=== WORK INSTRUCTION ===
Please copy all of the data that follows exactly, leaving any pictures out.

=== INFORMATION SUPPLIED ===
------------------------

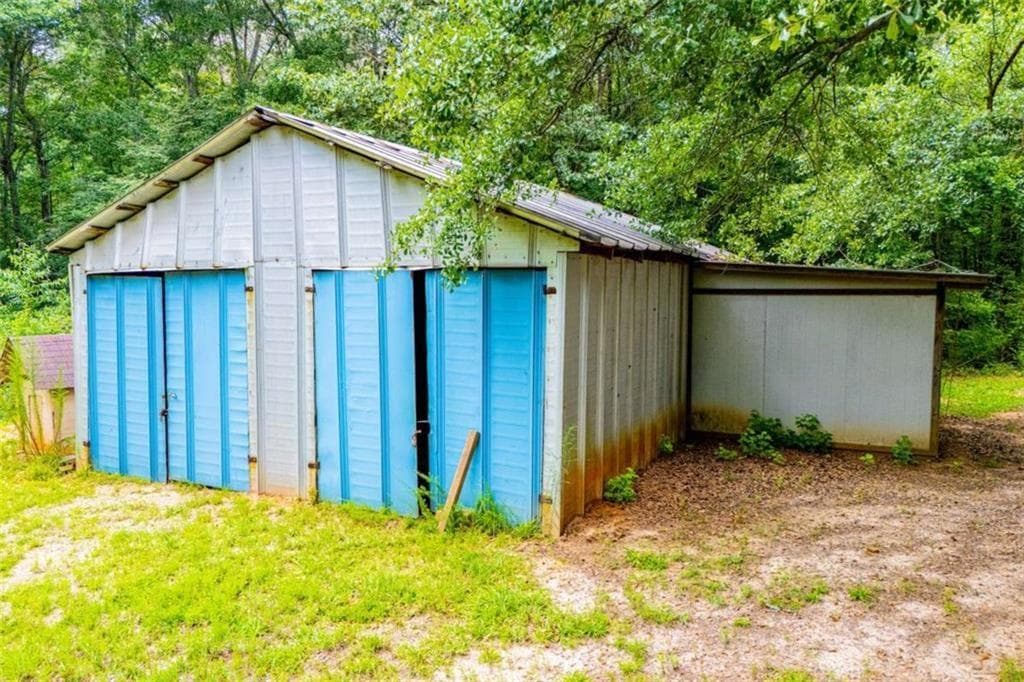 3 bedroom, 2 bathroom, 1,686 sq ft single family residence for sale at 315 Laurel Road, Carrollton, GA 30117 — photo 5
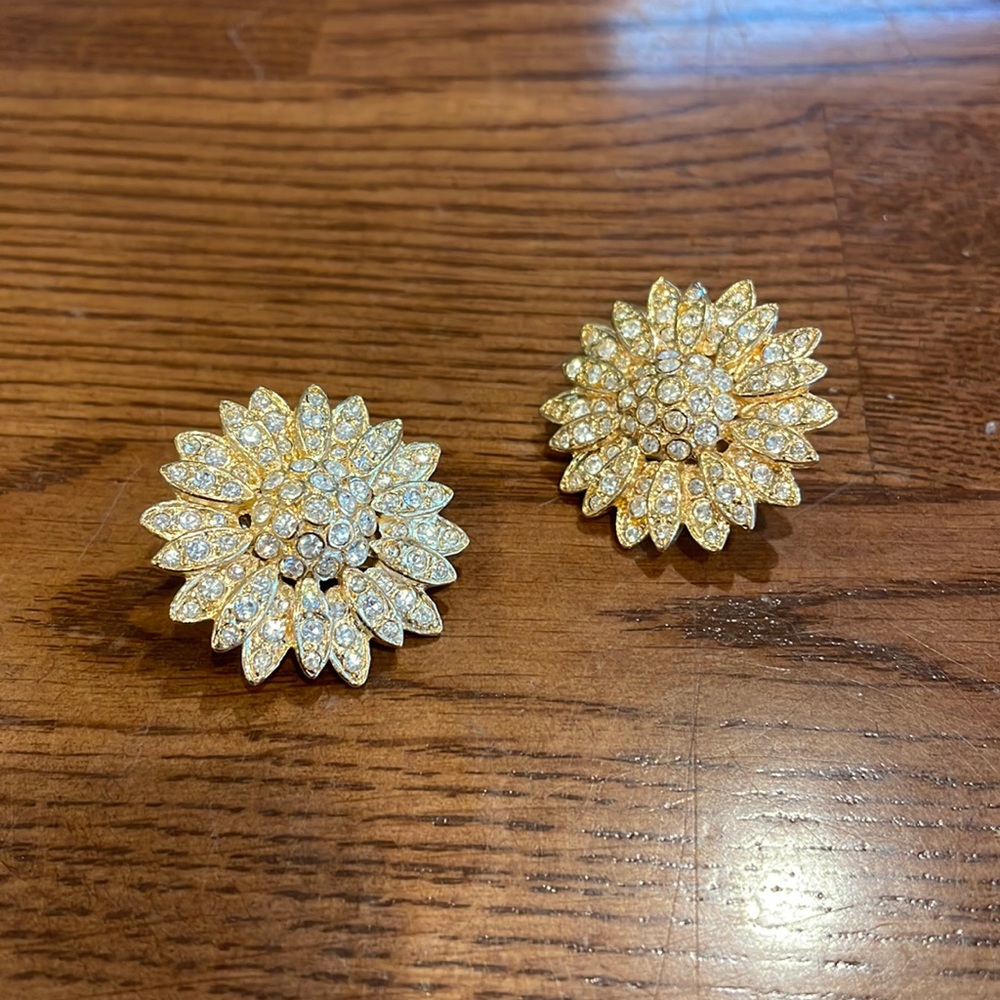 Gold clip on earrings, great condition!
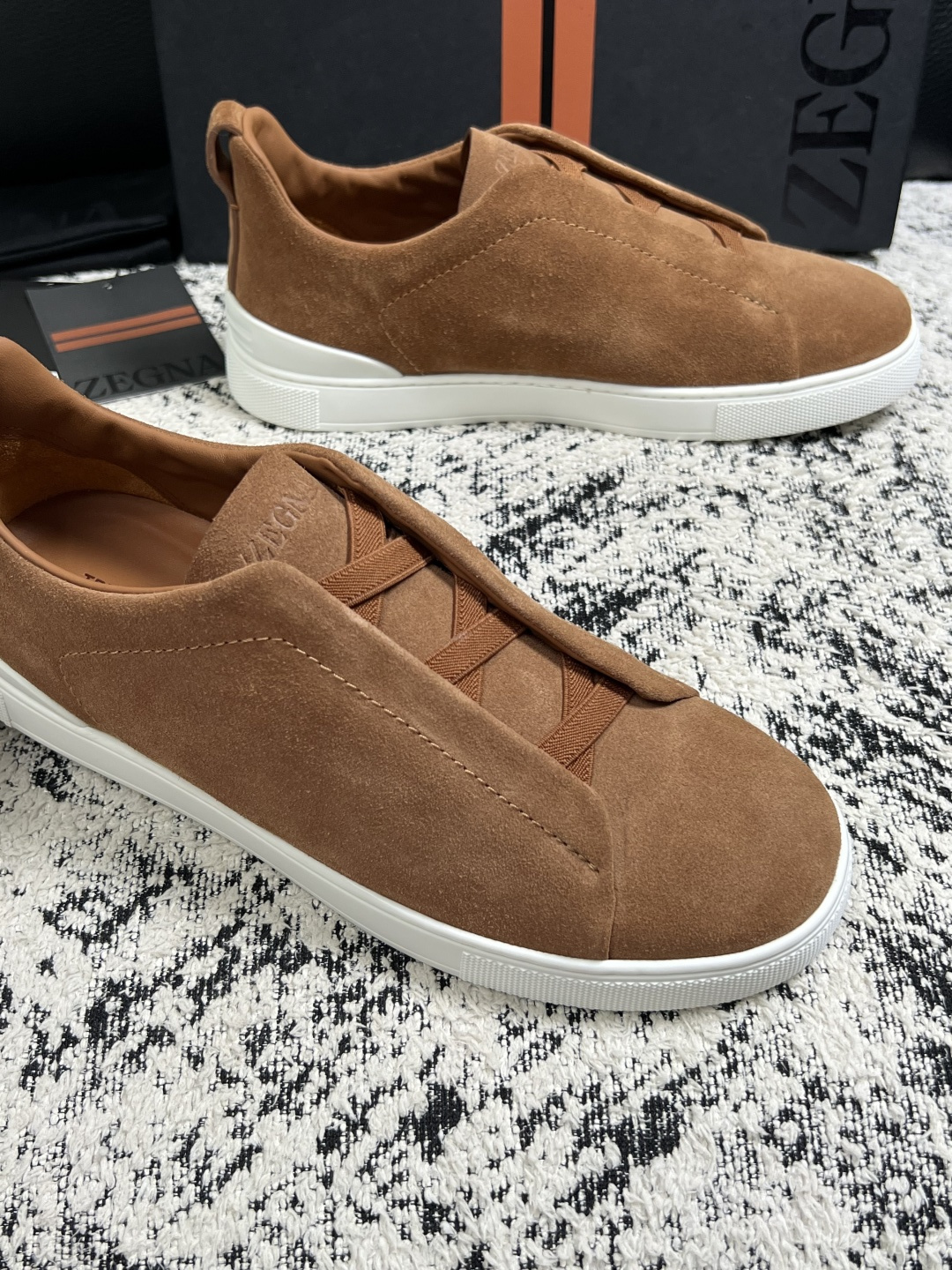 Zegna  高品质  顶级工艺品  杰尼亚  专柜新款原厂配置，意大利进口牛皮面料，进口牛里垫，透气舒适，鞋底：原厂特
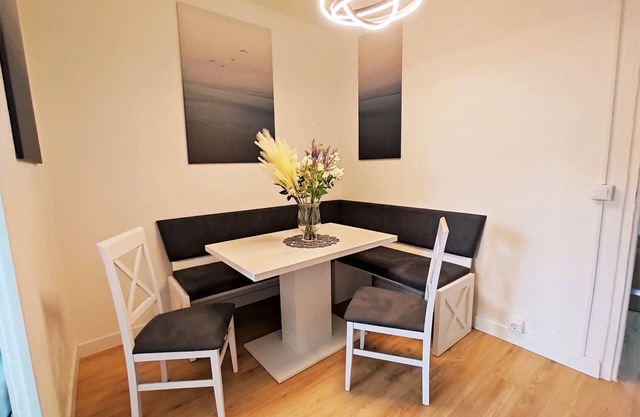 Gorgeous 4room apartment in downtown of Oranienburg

------------------------

=== FINISHED TASK ===
 3 bedroom, 2 bathroom, 1,686 sq ft single family residence for sale at 315 Laurel Road, Carrollton, GA 30117 — photo 5
 Gold clip on earrings, great condition!
 Zegna  高品质  顶级工艺品  杰尼亚  专柜新款原厂配置，意大利进口牛皮面料，进口牛里垫，透气舒适，鞋底：原厂特
 Gorgeous 4room apartment in downtown of Oranienburg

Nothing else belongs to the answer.